McAvoy Layne: Grammar R Us

As a reader of Pine Nuts might attest, we have never been a student of grammar. Grammar is why we left Jolly Old England in the first place to create a grammar of our own. And if punctuation was not one of the grievances against King George listed in the Declaration of Independence, well, it should have been.

An English professor once wrote the words, “Woman without her man is nothing” on the blackboard and directed her students to punctuate it…
 The men wrote: “Woman, without her man, is nothing.”
 The women wrote: “Woman: Without her, man is nothing.”

That’s why we have the all-important editors that we have. I never fear that our editor will know the difference between, “knowing your s—,” and “knowing you’re s—.” Truth be known, sometimes I don’t know the difference.
 When it comes to malaprops, nobody did it better than Yogi Berra. I remember reading Yogi’s comment, “Even Napoleon had his Watergate.” I wish I coulda known him.

Half-truths? Let us not forget George Burns, “Acting is about sincerity. If you can fake that you’ve got it made.”

The king of non sequiturs might be Satchel Paige. “I don’t know how old I am because the family goat ate the bible that had my birth certificate in it, but the goat lived to be twenty-seven.”
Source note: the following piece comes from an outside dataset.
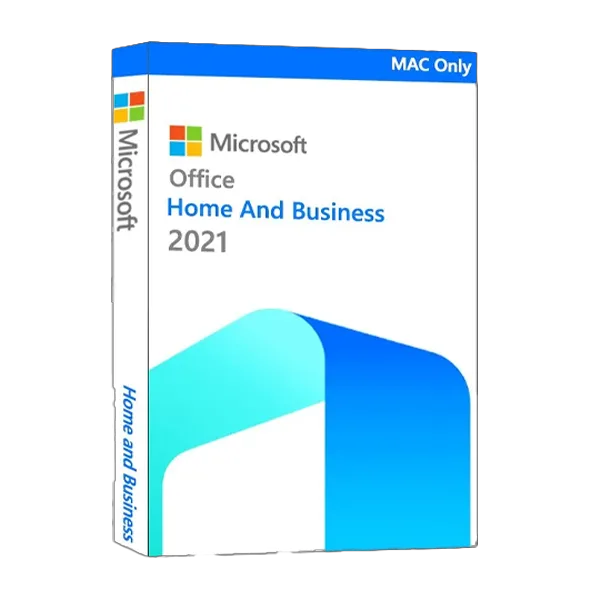 Microsoft Office Home and Business 2021 Retail MAC only – BIND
George Carlin gave us the seven words we cannot say on TV, and added at no extra cost, “When you’re born into this world you’re given a ticket to the freak show. If you’re born in America you’re given a front-row seat.”

For all-out cheek, Oscar Wilde might have the honors, as he posited from his deathbed, “My wallpaper and I are fighting a duel to the death. One of us has got to go.”

Innuendo? I would not have wanted to be complimented by Christopher Hitchens. “He is unusually incurious, abnormally unintelligent, amazingly inarticulate, fantastically uncultured, extraordinarily uneducated, and apparently quite proud of all these things.”

And too, there are half-truths. As Garrison Keillor reminds us, “He was cool enough to hold up a liquor store with a potato in his hand.”

Double entendres? The Dalai Lama was asked what surprised him most…

“Man. Because he sacrifices his health in order to make money. Then he sacrifices money to recuperate his health. And then he is so anxious about the future that he does not enjoy the present; the result being that he does not live in the present or the future; he lives as if he is never going to die, and then dies having never really lived.”

Lastly, as to grammar and cats, we will leave the last word to our constant companion, Mark Twain. “Ignorant people think it’s the noise which fighting cats make that is so aggravating, but it ain’t so; it’s the sickening grammar they use.”

And we know how Mark Twain loved his cats. His favorite he named, “Sourmash.”